What to do: Output the data in full. Keep every word exact and exclude the pictures.

:: Raw data

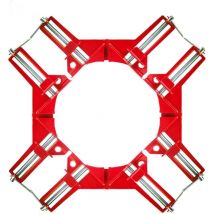 90 Degree Right Angle Clamp, 4Pcs Jaw Adjustable Woodworking Angle Vise Set, Red Angle Clamp for Multi Picture Frame Wedge Woodworking Welding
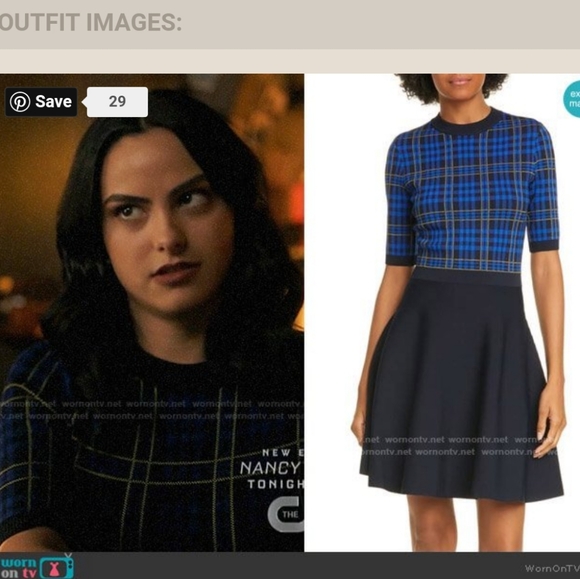 🍒NWT🍒 TED BAKER KNITTED SKATER DRESS - Picture 9 of 12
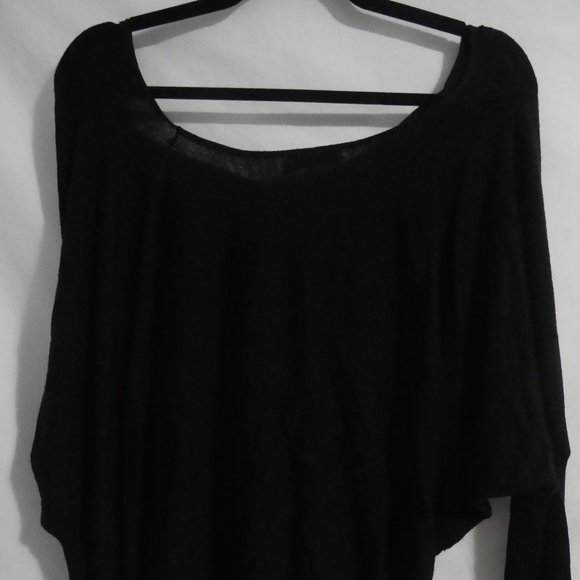 REITMANS | large | Sheer Black Knit Poncho / Shawl With Sleeves | GUC - Picture 11 of 16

::::

Solution to this task:
 90 Degree Right Angle Clamp, 4Pcs Jaw Adjustable Woodworking Angle Vise Set, Red Angle Clamp for Multi Picture Frame Wedge Woodworking Welding
 🍒NWT🍒 TED BAKER KNITTED SKATER DRESS - Picture 9 of 12
 REITMANS | large | Sheer Black Knit Poncho / Shawl With Sleeves | GUC - Picture 11 of 16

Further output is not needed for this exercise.